→ **Brief**
Your task is to return the listing below word for word, without any of its images.

→ **Given information**
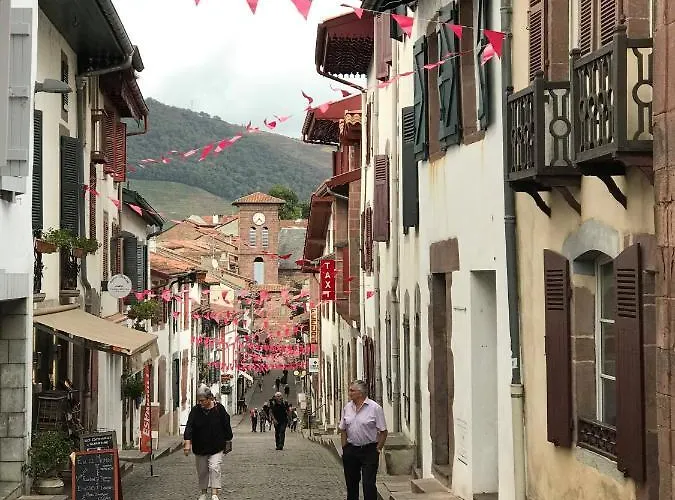 Le Chemin Vers L'etoile Saint-Jean-Pied-de-Port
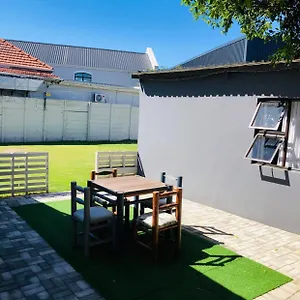 T H Royale Guest house Port Elizabeth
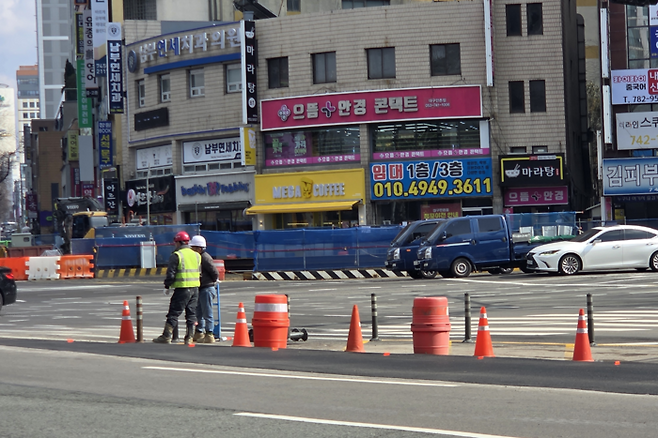 대구도시철도 2호선 만촌역 지하통로 공사 현장 인근에서 땅꺼짐 신고가 접수돼 시공사인 태왕이앤씨 측이 6일 오후 긴급 보수를 진행했다. 최시웅기자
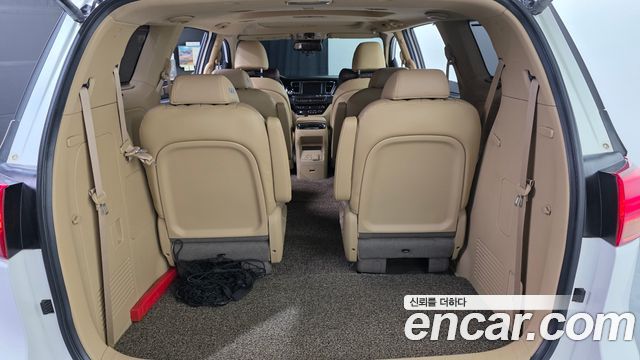 Kia Canival 2018 — photo 22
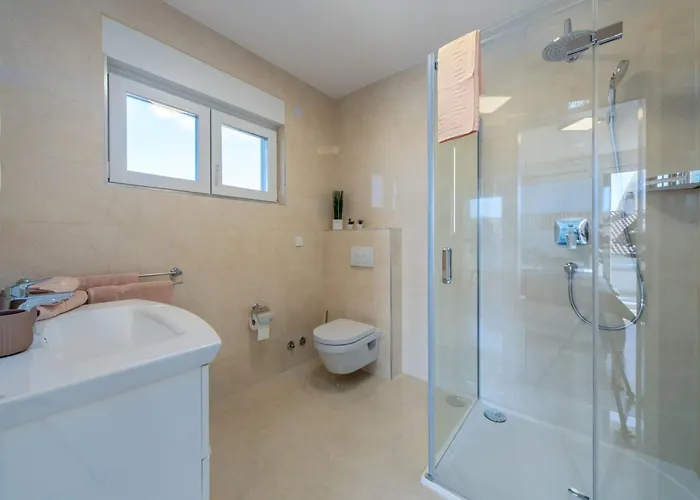 Shaula - Five Bedroom With Pool,sauna And Gym Villa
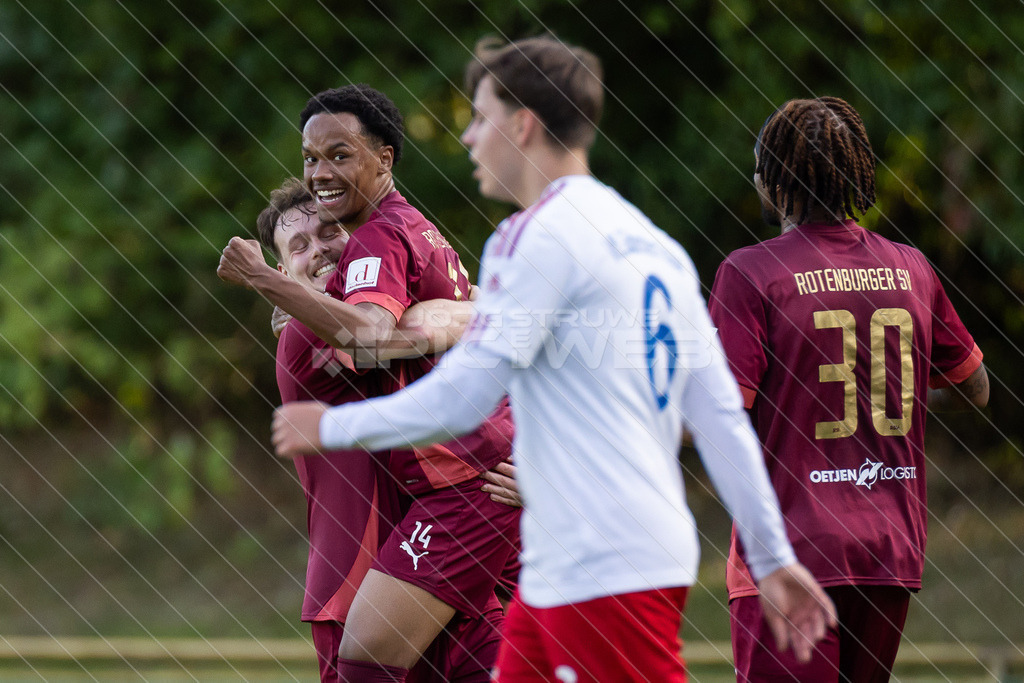 20250928_Picselweb-Fotografie_1R3_2770 | Spielszenen aus dem Spiel VfL Güldenstern Stade - Rotenburger SV. Ergebnis 0:3 - Realisiert mit Pictrs.com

→ **Answer to this task**
 Le Chemin Vers L'etoile Saint-Jean-Pied-de-Port
 T H Royale Guest house Port Elizabeth
 대구도시철도 2호선 만촌역 지하통로 공사 현장 인근에서 땅꺼짐 신고가 접수돼 시공사인 태왕이앤씨 측이 6일 오후 긴급 보수를 진행했다. 최시웅기자
 Kia Canival 2018 — photo 22
 Shaula - Five Bedroom With Pool,sauna And Gym Villa
 20250928_Picselweb-Fotografie_1R3_2770 | Spielszenen aus dem Spiel VfL Güldenstern Stade - Rotenburger SV. Ergebnis 0:3 - Realisiert mit Pictrs.com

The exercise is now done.